1945 : Berlin ploie sous les bombes russes. Le IIIeme Reich vit ses derniers instants, mais, reclus dans son bunker, Hitler refuse l’évidence, tout comme son entourage proche. Quand enfin, il admet l’inéluctable, il sera trop tard pour fuir. Reste la capture ou la mort ; ça sera la mort. Voici le pitch de La Chute, initialement Der Untergang. Film ô combien redoutable, tourné en 2004, mais qui, à chaque visionnage, n’en finit pas de réveiller des spectres abominables de la barbarie, pour le meilleur comme pour le pire.
Le scénario, chronologique, s’appuie sur l’ouvrage Les Derniers Jours de Hitler de l’historien Joachim Fest et sur les mémoires de Traudl Junge Jusqu’à la dernière heure : la dernière secrétaire d’Hitler, pour relater les derniers moments du dictateur au cœur d’une capitale en ruines, devenue complètement folle : on y voit les corps s’amonceler sous les décombres tandis que le peu de troupes qui reste tente d’endiguer l’avancée soviétique, des commandos exécuter ceux qui veulent se rendre, des enfants de 13 ans recevoir la croix de fer et jouer à la guerre avant de se tuer, des officiers nazis s’étourdir de drogue, d’alcool et de sexe en attendant la mort, tandis que d’autres envisagent la meilleure façon de se suicider. Moment le plus dément de cette infernale débandade : Magda Goebbels, refusant de voir ses enfants vivre dans un monde sans nazisme, les assassine impitoyablement dans leur sommeil.

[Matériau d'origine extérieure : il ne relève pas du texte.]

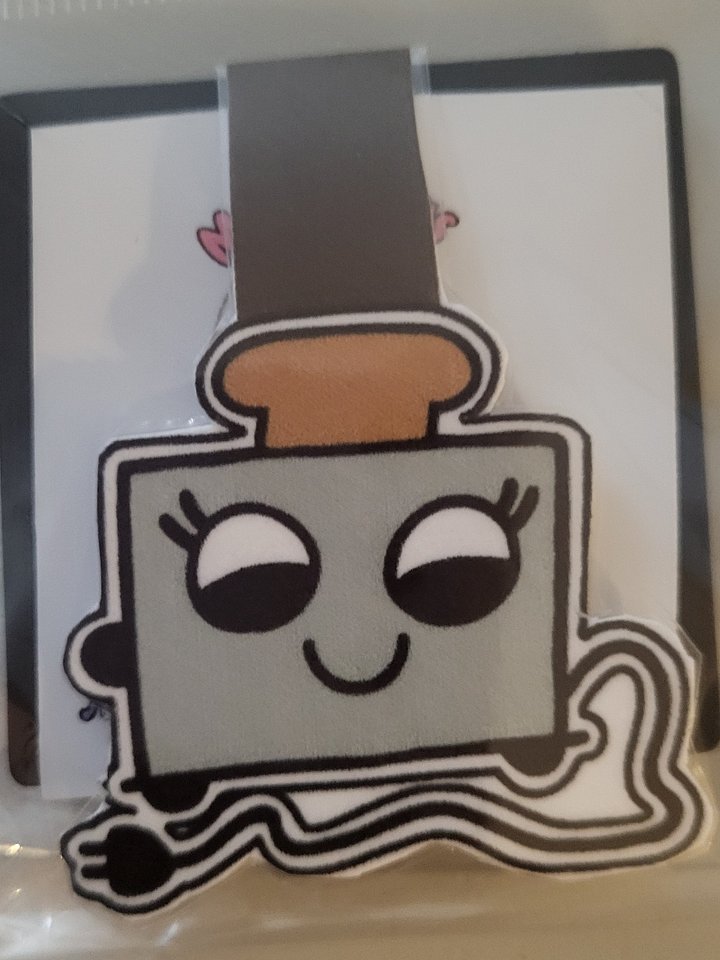 Cute Cartoon Toaster Character Magnetic Laminated Bookmark for Foodies product image (1)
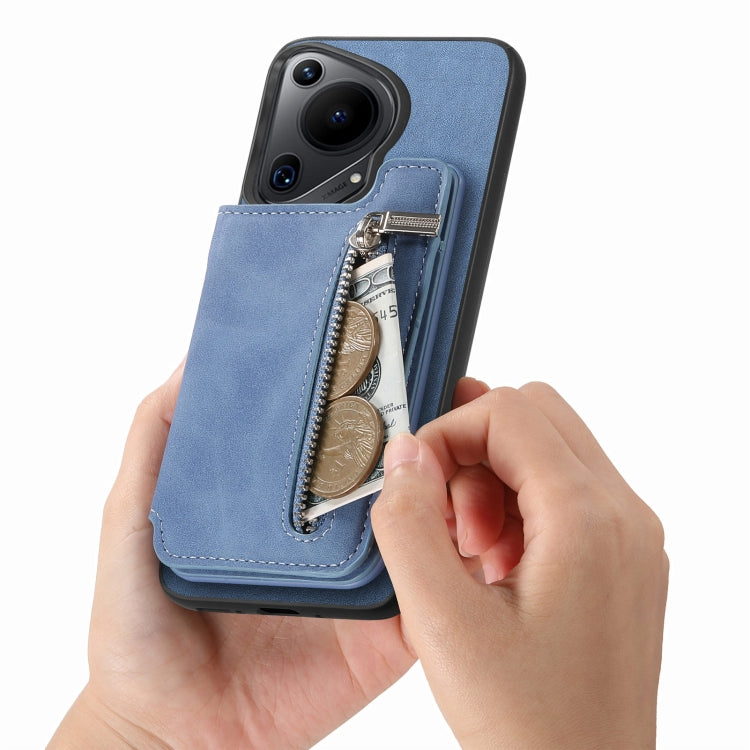 For Huawei Pura 70 Ultra Retro MagSafe Zipper Wallet Card Bag Back Phone Case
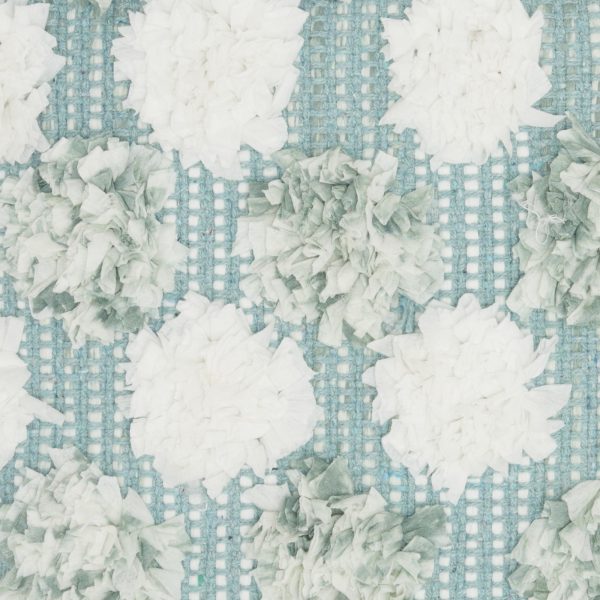 Floral Textured Blue and White Throw Pillow - Image 4
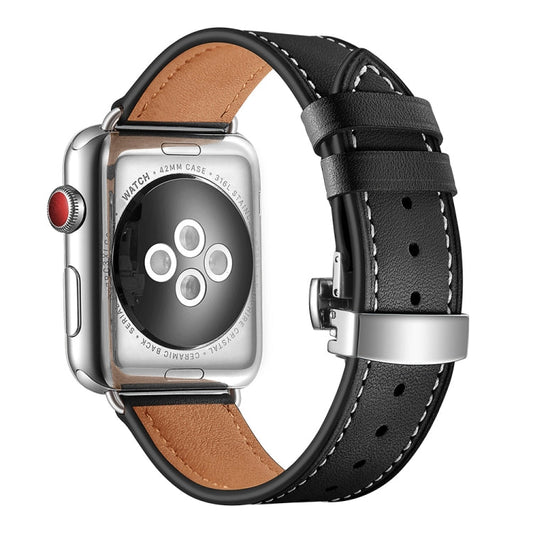 Rynx | Genuine Leather + Butterfly Silver Buckle Watch Band for Apple Watch Series 7 41mm / 6 & SE & 5 & 4 40mm / 3 & 2 & 1 38mm (Black)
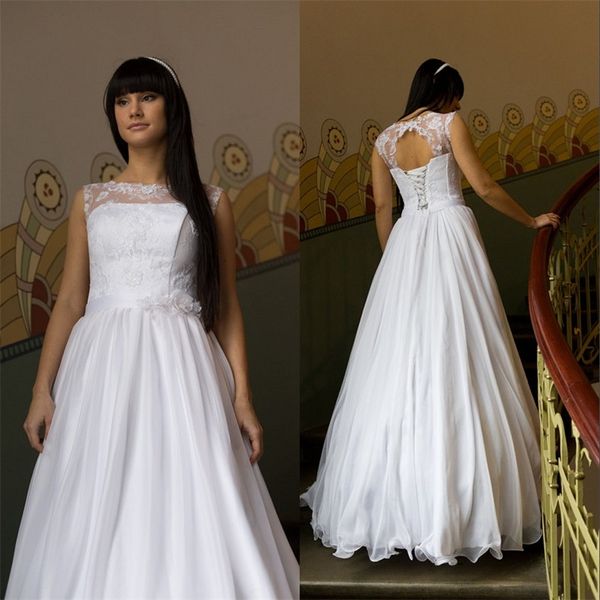 

vintage chiffon wedding dress with a-line illusion neckline lace corset open back romantic bridal wedding gown under 100 from china, White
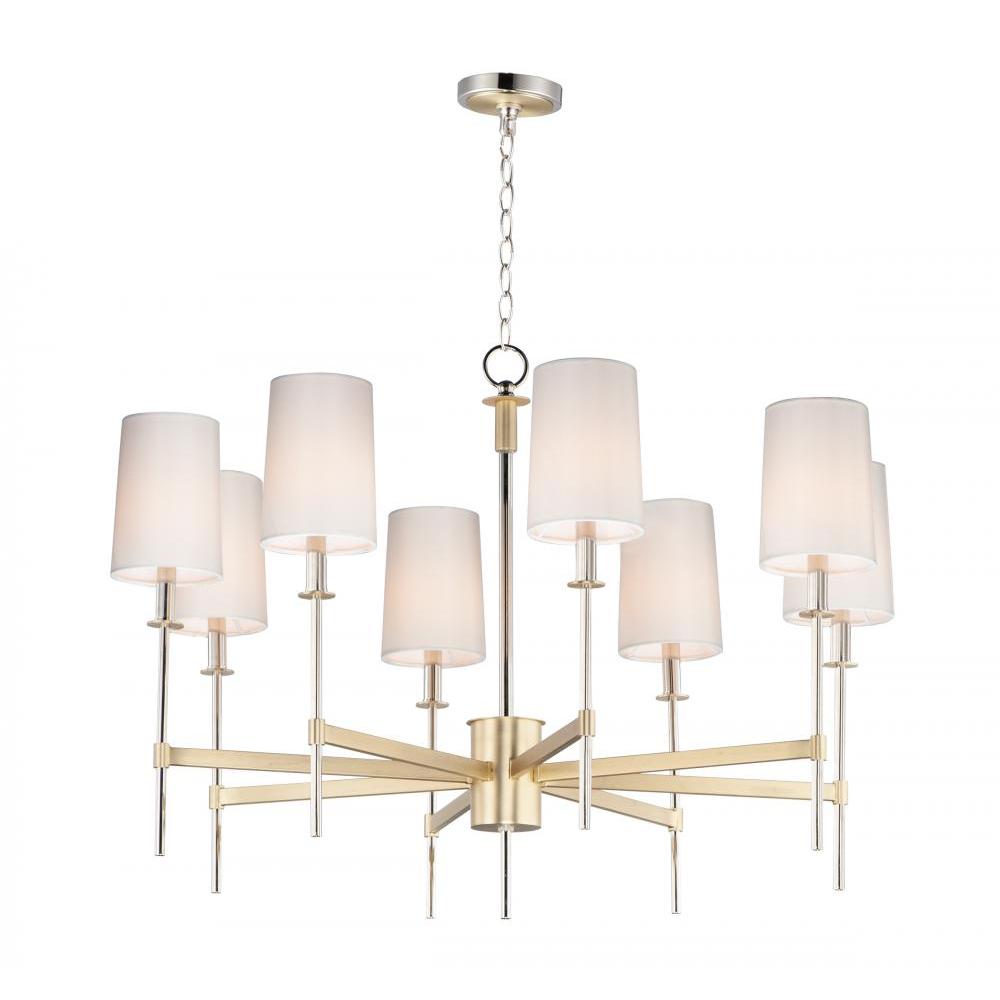 Maxim Lighting 32398OFSBRPN Uptown 36 Inch Chandelier – Satin Brass / Polished Nickel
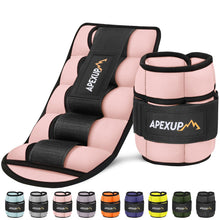 Load image into Gallery viewer, APEXUP 10lbs/Pair Adjustable Ankle Weights for Women and Men (Pastel Pink)
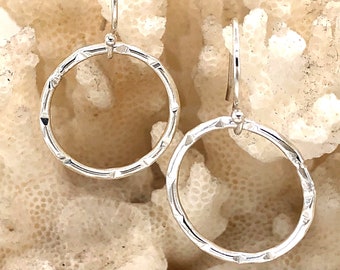 Simply Circle Earrings - Hammered Sterling Silver Circle Earrings, Minimalist Dangle Hoops - Sterling 925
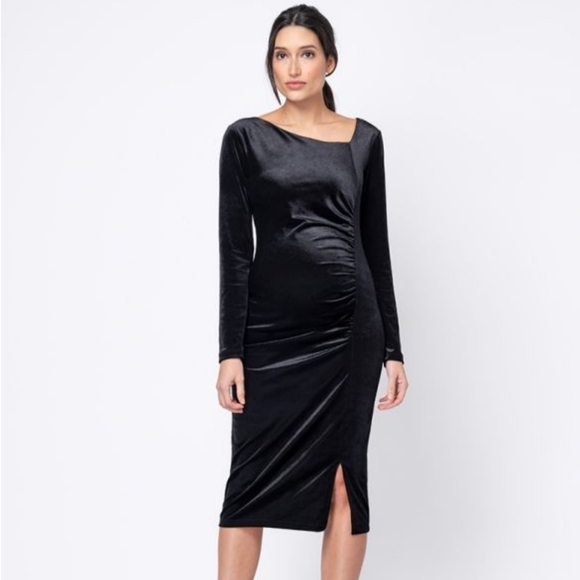 Seraphine Dresses & Skirts - Seraphine Black Stretch Velvet Maternity Midi Dress Size 6
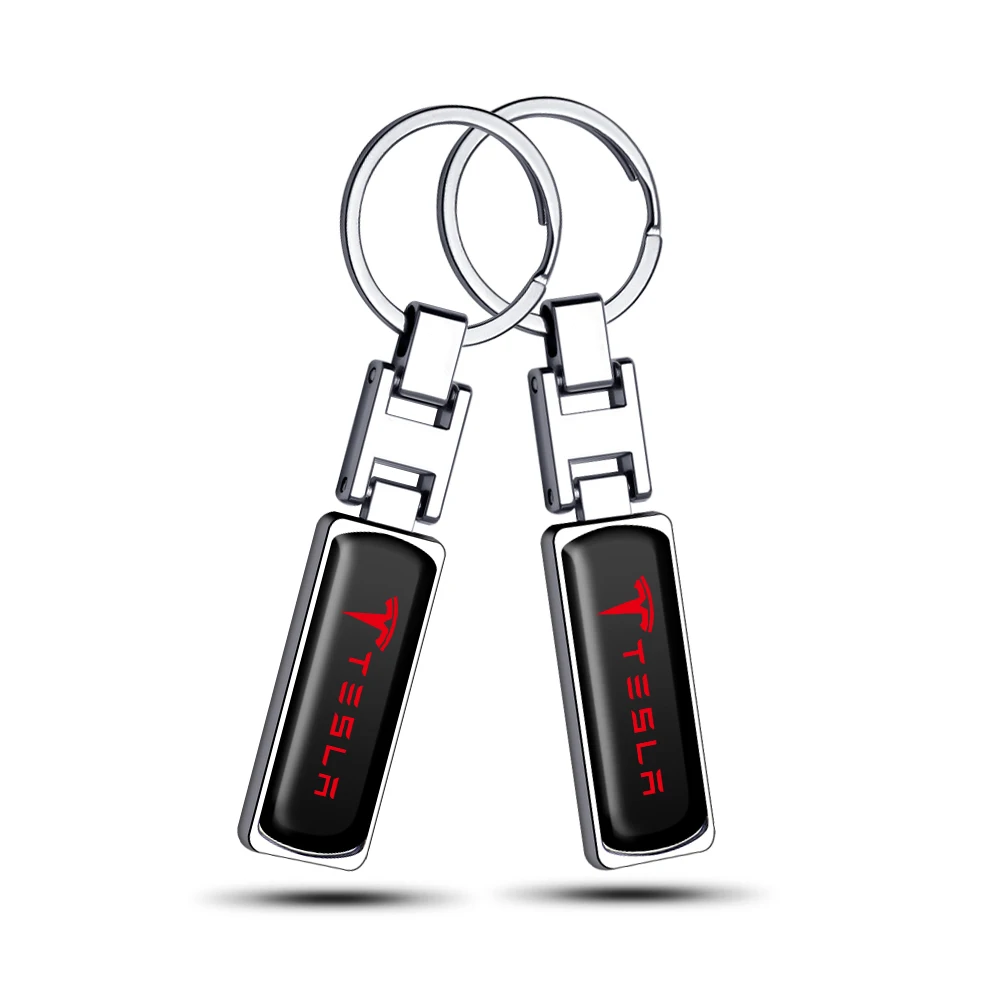

Metal Car Badges Keychain Key Chain Rings Keyring Auto Accessories For Tesla Model 3 Y S X Roadster Invader Coil Mod WYE K80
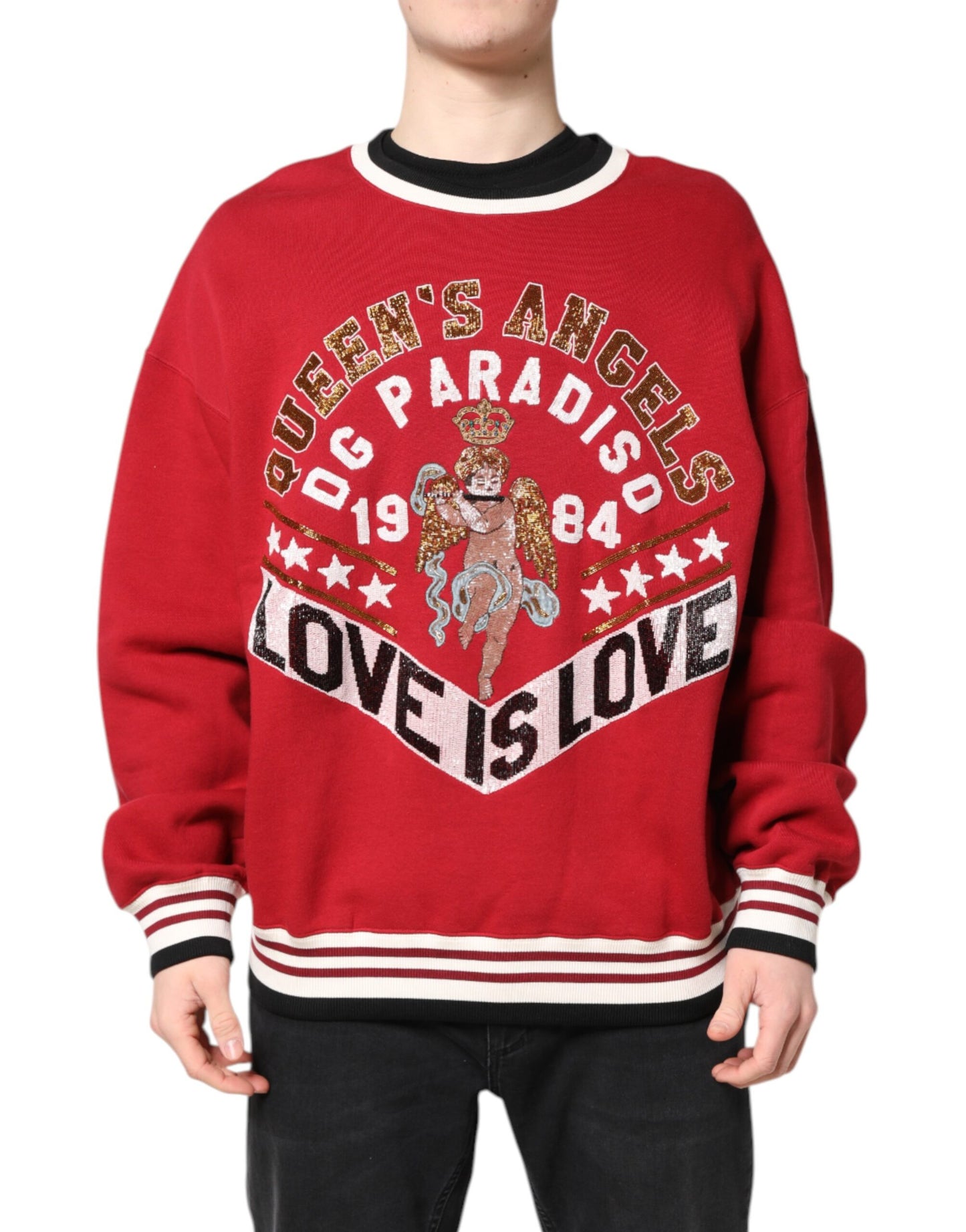 Dolce & Gabbana Red Sequin Knit Pullover Sweatshirt Sweater Dolce & Gabbana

Un des passages les plus pénibles du film de Oliver Hirschbiegel, qui reprend les principales réflexions de L’Expérience pour les appliquer à ce huis-clos étouffant, où certains cherchent à survivre coûte que coûte quand d’autres s’abandonnent aux ténèbres avec délectation. Filmant caméra à l’épaule, privilégiant l’éclairage naturel, Hirschbiegel saisit un drame humain dans ce qu’il a de plus violent et de plus absurde. Après avoir liquidé six millions de juifs, exterminé handicapés, artistes, opposants politiques, contrôlé l’Europe dans la violence la plus totale, Hitler et ses sbires arrivent au bout de l’impasse qu’ils ont eux-même érigée. Et leur fanatisme nous saute alors aux yeux, d’autant plus brutalement que leur comportement est souvent affable, civilisé, presque tendre, surtout quand ils tuent leurs proches avant de mettre fin à leurs jours, pour échapper au couperet qui va immanquablement tomber.
Plébiscité dés sa sortie avec plus de 100 000 spectateurs au premier jour de sa diffusion en salle, La Chute prévaut par cette incohérence mise à jour et qui en dit long sur les dérives possibles de l’humanité. La gentillesse d’Hitler, ici incarné par un Bruno Ganz absolument sidérant, en a choqué plus d’un, dans la crainte que ce visage trop doux ne gomme les crimes commis. Au contraire, cette prévenance, régulièrement assombrie par des crises de rage épouvantables, fait partie du profil, soulignant le psychopathe qui sommeille, capable de proférer des horreurs, prêt à sacrifier ce peuple dont il a voulu assurer la survie au prix de millions de vies. Nous ne le voyons pas mourir à l’écran, et pour cause, personne n’a assisté à ses derniers instants, hormis Eva Braun qui l’a suivi dans la tombe. Ce fou furieux est mort seul, entraînant son monde avec lui. Au final, c’est son égoïsme, son étroitesse d’esprit, sa brutalité crasse qui ressortent, révélant sa petitesse, sa médiocrité.
Hirschbiegel joue de cette contradiction avec talent et un sens évident de la tragédie, essayant au passage de saisir comment un pays entier a pu suivre les pas de cet individu, comme d’autres s’abandonneraient à un gourou de secte. A aucun moment, le film ne cherche à excuser ou à amoindrir, au contraire le pandémonium qui accompagne les ultimes instants du Reich en dit long sur l’horreur des atrocités commises et qu’il va falloir payer : et chacun autour d’Hitler sait que l’addition sera lourde. Comme le dit Goebbels marchant à la mort avec son épouse infanticide : « les jeux sont faits ».